All-private astronaut team lifts into space in landmark launch

SpaceX’s flight is its first to take private citizens to the ISS after two years of carrying astronauts there for NASA.

Astronaut team
The four-man crew will conduct experiments during their nearly 10-day stay at the ISS [SpaceX via AP]

A SpaceX rocket ship blasted off carrying the first all-private astronaut team ever launched to the International Space Station (ISS), a flight hailed by industry executives and NASA as a milestone in the commercialisation of low-Earth orbit.

Friday‘s flight is the second private charter for Elon Musk’s SpaceX, which took a billionaire and his guests on a three-day orbit ride last year.

Live video webcast by Axiom showed the 25-story-tall SpaceX launch vehicle – consisting of a two-stage Falcon 9 rocket topped by its Crew Dragon capsule – streaking into the blue skies over Florida’s Atlantic coast atop a fiery, yellowish tail of exhaust.

Rocket launch
Three businessmen and a former astronaut are traveling to the ISS on the first-ever US private charter flight to the orbiting station [Steve Nesius/Reuters]

Cameras inside the crew compartment beamed footage of the four men strapped into the pressurised cabin, seated calmly in their helmeted white-and-black flight suits moments before the rocket soared towards space.

Arriving at the space station Saturday will be an American, Canadian and Israeli who run investment, real estate and other companies.
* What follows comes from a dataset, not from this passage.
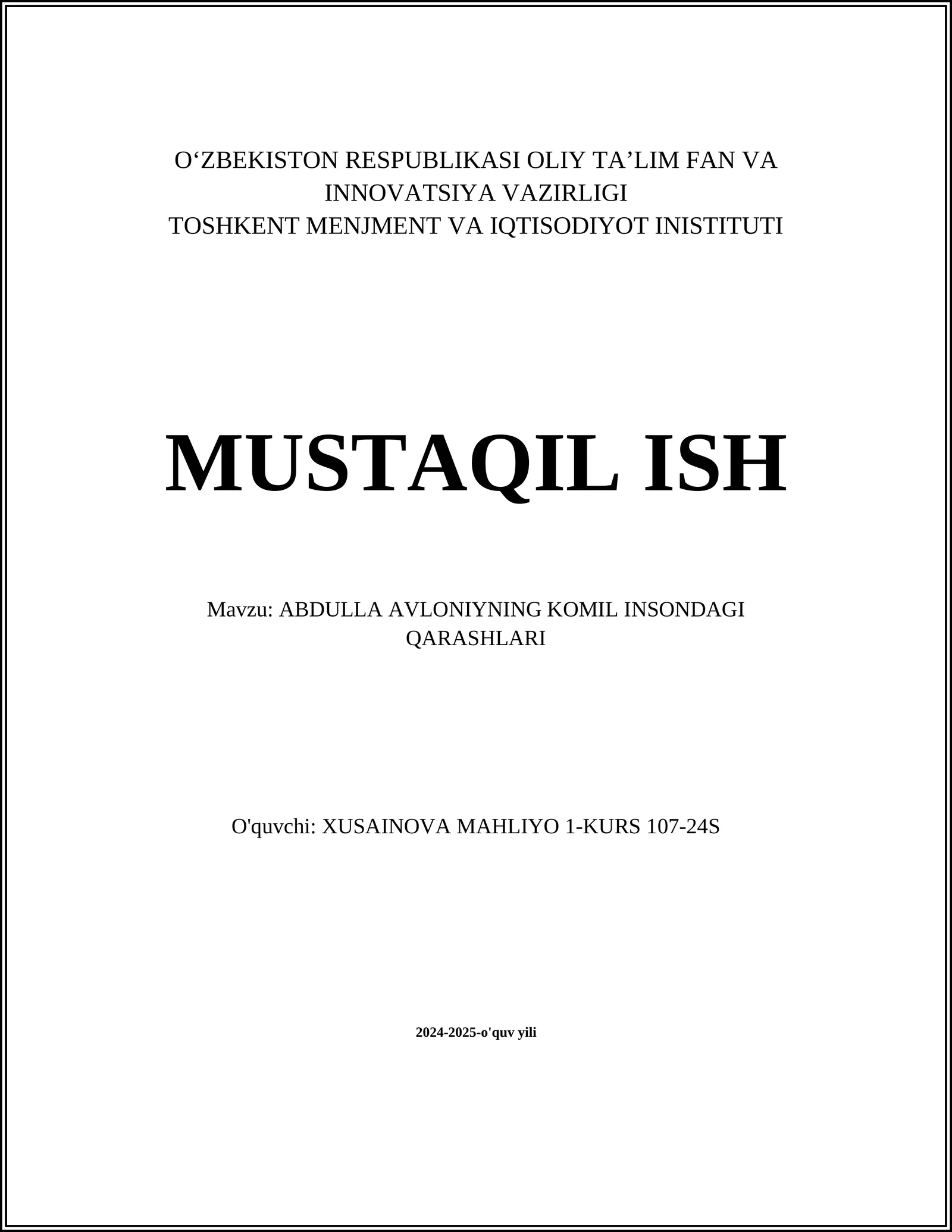 ABDULLA AVLONIYNING KOMIL INSONDAGI QARASHLARI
They are paying $55mn apiece for the rocket ride and accommodations, all meals included.

A former astronaut, Spanish-American Michael Lopez-Alegria is commanding the mission.

The three businessmen: Larry Connor of Dayton, Ohio, Mark Pathy, of Montreal, and Israel’s Eytan Stibbe, are the latest to take advantage of the opening of space to those with deep pockets. Jeff Bezos’ rocket company Blue Origin is taking customers on 10-minute rides to the edge of space, while Virgin Galactic expects to start flying customers on its rocket ship later this year.

Axiom is targeting next year for its second private flight to the space station. It intends to add more customer trips in the future, with Axiom planning to add its own rooms to the orbiting complex beginning in 2024. After about five years, the company plans to detach its compartments to form a self-sustaining station — one of several commercial outposts intended to replace the space station once it’s retired and NASA shifts to the moon.

Russia has been hosting tourists at the space station — and before that the Mir station — for decades. In 2021, a Russian movie crew flew up, followed by a Japanese fashion tycoon and his assistant.

NASA is finally getting into the act, after years of opposing space station visitors.

“It was a hell of a ride,” said former NASA astronaut Michael Lopez-Alegria, the chaperone, on reaching orbit.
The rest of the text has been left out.